In other words, I would like to show a formula in terms of only $$a$$ and $$b$$ for the distance of a point on the ellipse to each foci. I am looking for how to manipulate Euclid's metric to show this cancellation.

For thoroughness, I'll give the original equation for the generic distance from $$p_1$$ to $$c_1$$: $$\sqrt{(x_1-\sqrt{a^2-b^2})^2+\left(\frac{b\sqrt{a^2-x_1^2}}{a}\right)^2}$$.
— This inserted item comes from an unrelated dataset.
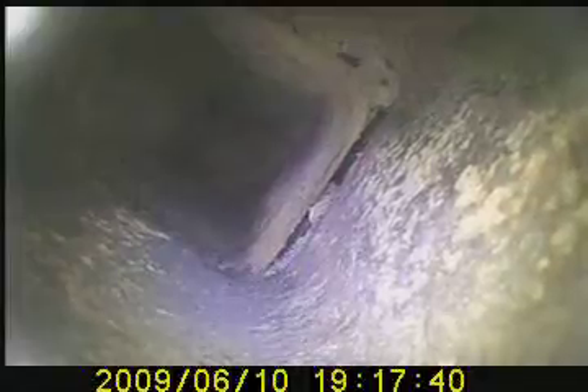Deteriorating flue tile. This is only up about — what did you say, Dan — 10, 10 to 15 feet? That's your first run. So here's a stagger of flue tiles. Big stagger, big hole, another hole in the right-hand corner of that.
• Set $s(x_1)=\sqrt{(x_1-\sqrt{a^2-b^2})^2+\left(\frac{b\sqrt{a^2-x_1^2}}{a}\right)^2}+ \sqrt{(x_1+\sqrt{a^2-b^2})^2+\left(\frac{b\sqrt{a^2-x_1^2}}{a}\right)^2}$ and square both sides. A few of algebra will lead to $s(x_1)=2a.$ Nov 29, 2018 at 23:19
• I am not seeing the steps. Could you show them?
– EDS
Nov 30, 2018 at 0:19
• Is the ellipse also axis-aligned? Centered at the origin doesn’t guarantee this.
– amd
Nov 30, 2018 at 0:48
• @amd3 , this follows from the y-coordinate of the point $p_1$ o the ellipse. Nov 30, 2018 at 3:57

Every point of elipse $$(bx)^2 +(ay)^2 =(ab)^2$$ can be represent as $$P=(a\cos t , b\sin t)$$ hence $$c_1 P +c_2 P =\sqrt{(\sqrt{a^2 -b^2} +a\cos t )^2 + b^2\sin^2 t } +\sqrt{(\sqrt{a^2 -b^2} -a\cos t )^2 + b^2\sin^2 t }=\sqrt{(a+\sqrt{a^2 -b^2}\cos t)^2 } +\sqrt{(a-\sqrt{a^2 -b^2}\cos t)^2 } =2a$$
An ellipse is defined as having the property you are trying to prove. The common equation $$\frac{x^2}{a^2}+\frac{y^2}{b^2}=1$$ is just an equation that satisfies this property. To show that this is the case, we can use the formula you mentioned: $$c=\sqrt{a^2-b^2}$$ which is a little bit cleaner as $$b^2=a^2-c^2$$. We can multiply both sides of the equation of the ellipse by $$a^2b^2$$ to get $$b^2x^2+a^2y^2=a^2b^2$$ and then substituting for $$b^2$$ we get $$(a^2-c^2)x^2+a^2y^2=a^2(a^2-c^2)$$ and after distributing: $$a^2x^2-c^2x^2+a^2y^2=a^4-a^2c^2$$. If we add $$-2a^2cx$$ from both sides we obtain $$a^2x^2-c^2x^2+a^2y^2-2a^2cx=a^4-a^2c^2-2a^2cx$$. Reordering terms a little bit yields $$a^2x^2-2a^2cx+a^2c^2+a^2y^2=a^4-2a^2cx+c^2x^2$$. We can factor $$a^2$$ out of the left side to get $$a^2(x^2-2cx+c^2+y^2)=a^4-2a^2cx+c^2x^2$$ and we can factor the perfect square in the parentheses and the perfect square on the right to get $$a^2((x-c)^2+y^2)=(a^2-cx)^2$$. Now we can take a square root on both sides to get $$a\sqrt{(x-c)^2+y^2}=a^2-cx$$.Multiplying by $$-4$$ gives $$-4a\sqrt{(x-c)^2+y^2}=4cx-4a^2$$. Adding $$x^2+y^2+c^2-2cx+4a^2$$ to both sides gives $$4a^2-4a\sqrt{(x-c)^2+y^2}+x^2-2cx+c^2+y^2=x^2+2cx+c^2+y^2$$. We can factor the perfect squares on the right and left to get $$4a^2-4a\sqrt{(x-c)^2+y^2}+(x-c)^2+y^2=(x+c)^2+y^2$$. If you look carefully at the left side you might notice it is a perfect square. Factoring it yields $$(2a-\sqrt{(x-c)^2+y^2})^2=(x+c)^2+y^2$$. We can take square roots of both sides to get $$2a-\sqrt{(x-c)^2+y^2}=\sqrt{(x+c)^2+y^2}$$. Reordering terms gives $$\sqrt{(x-c)^2+y^2}+\sqrt{(x+c)^2+y^2}=2a$$. The first square root is the distance from any point $$(x,y)$$ to the focus on the right, and the second root is the distance from the same point to the focus on the left. We see that these distances sum to the constant $$2a$$.